Na dzisiejszych zdjątkach anemonowa nowość w ogrodzie, zwierzątka które się nie ukrywają i takie podstępnie zaczajone oraz smętna Sucha - Żwirowa. Do Alcatrazu nawet nie zbliżam się z obiektywem! Trza się najpierw zbliżyć don z innym sprzętem.
niedziela, 12 sierpnia 2018
Kocie gadki - wykonywam tłumaczenie
Jak niemal każda osoba mieszkająca pod jednym dachem ze zwierzętami mam tzw. tendencje do antropomorfizacji inszych gatunków. Czasem się zastanawiam czy koty są świadome że ludzie podejrzewają je o zdolność felinizacji człowieka. Bo podejrzewają, to jest pewne bo ja jestem ludź i podejrzewam. Wydaje się mi to pewne bo w końcu jakiś tam dialog między nami ssakami ( a niekiedy ptakami a nawet gadami ) jest prowadzony. Bez słów ale niekoniecznie bardziej prymitywny, rozmawiamy całym ciałem, zapachami, dźwiękami - na bogato. Co prawda ciężko nam dziś przyjąć pozasymboliczne, pozaliteralne , ogólne pozawerbalne porozumiewanie się jako to najbardziej szczere czyli właściwe. Dialog wg. przeważającej części ludzkości to słowa, słowa, słowa. Padają hasełka typu "proces logiczny", "myślenie pojęciowe", "kognitywność" albo i jeszcze mądrzej i tylko od czasu do czasu do czasu do nas dociera że ktoś uznał czyjeś poglądy za głupie bo mu skóra interlokutora cóś brzydko pachniała. Nie uświadamiamy sobie masowo tego pozawerbalnego dialogu który prowadzimy ze światem, w ogóle cóś tacy mało prawdziwie świadomi siebie jesteśmy. Na ten przykład pieprzymy o nadzwyczajnym statusie naszego gatunku, o tym jak to potrafimy środowisko zmieniać i w ogóle, nie zauważając że takim bakteriom to my w tej dziedzinie nawet do fimbrii i pilusów podskoczyć nie możemy.
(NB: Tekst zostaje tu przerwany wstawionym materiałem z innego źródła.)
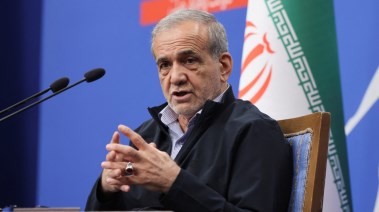 الرئيس الإيراني مسعود بزشكيان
Naczelne mają tendencję do głupawego zadowolenia z siebie, u kuzynów dostrzegamy to wyraźnie u siebie tę cechę starannie ignorujemy. Cóż może ona była naszemu rodzajowi potrzebna do czegoś tam ale nie wiem czy w przypadku naszego gatunku nie stała się balastem.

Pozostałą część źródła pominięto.